Exercise goal — The material below holds pictures; leave them out, and copy exactly, and only, the lines from the one with "HPS Performance Hps" through the last.

Data provided —

====

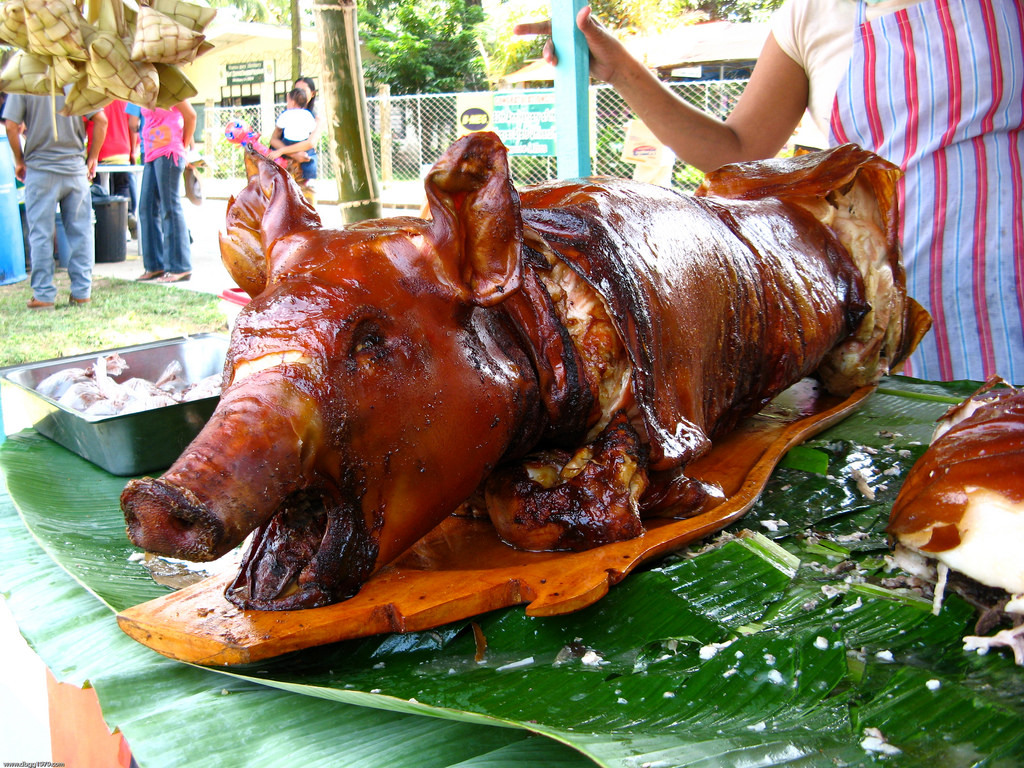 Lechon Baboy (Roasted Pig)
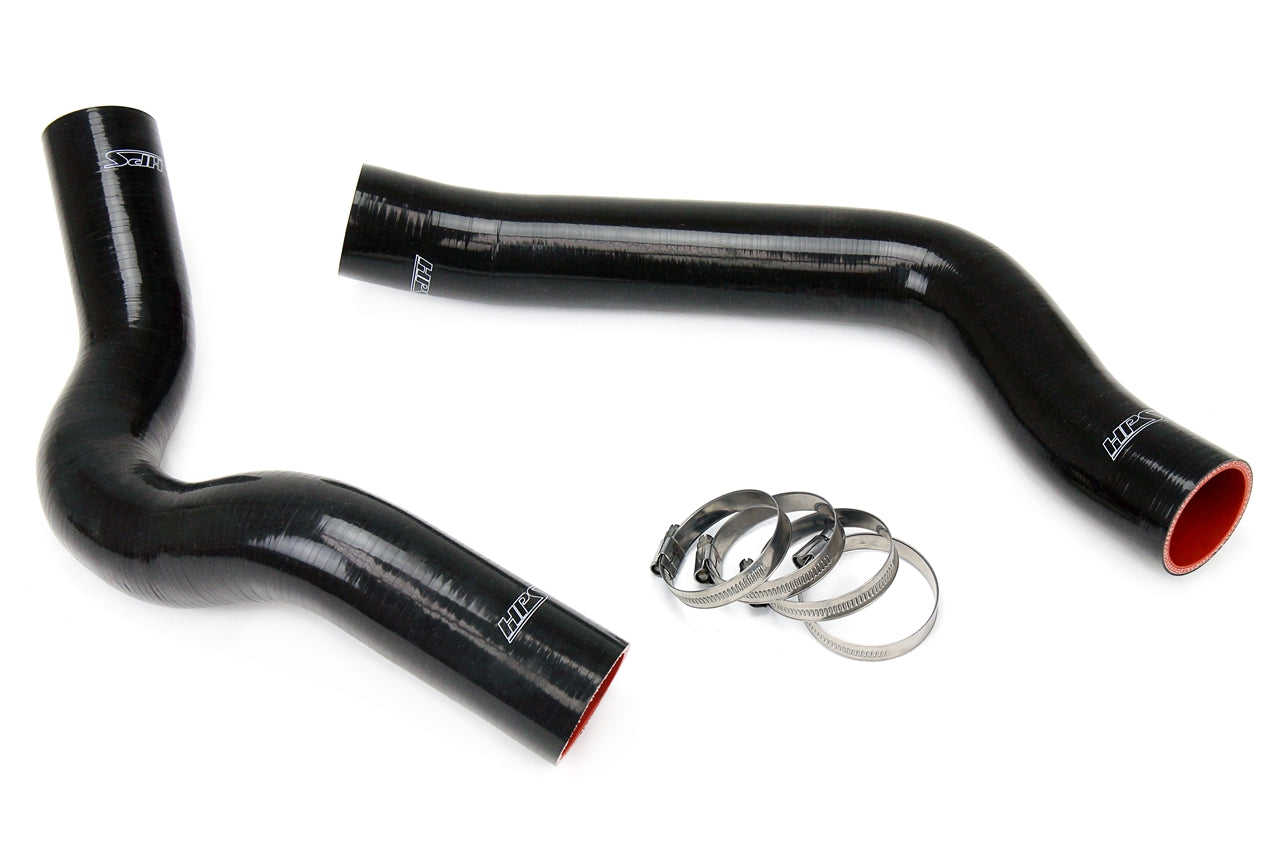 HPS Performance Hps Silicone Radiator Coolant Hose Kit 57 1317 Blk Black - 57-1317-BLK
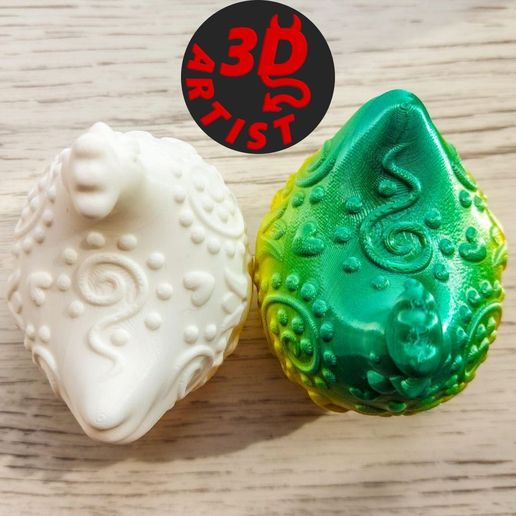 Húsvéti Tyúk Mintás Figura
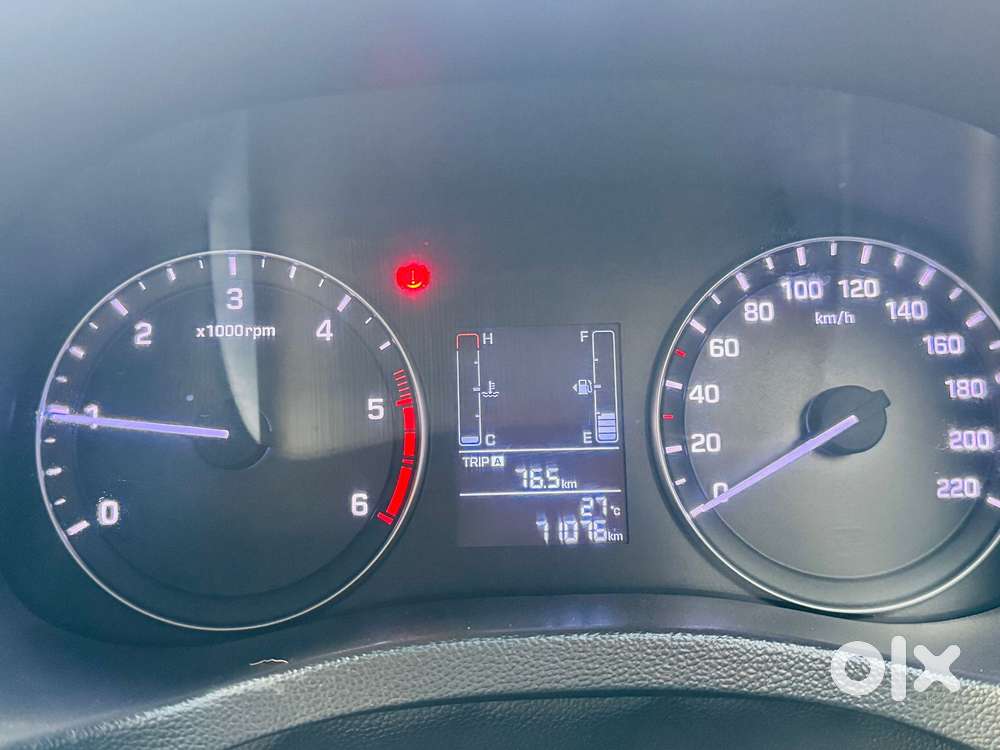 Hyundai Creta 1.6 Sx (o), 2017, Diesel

====

Completed task —
 HPS Performance Hps Silicone Radiator Coolant Hose Kit 57 1317 Blk Black - 57-1317-BLK
 Húsvéti Tyúk Mintás Figura
 Hyundai Creta 1.6 Sx (o), 2017, Diesel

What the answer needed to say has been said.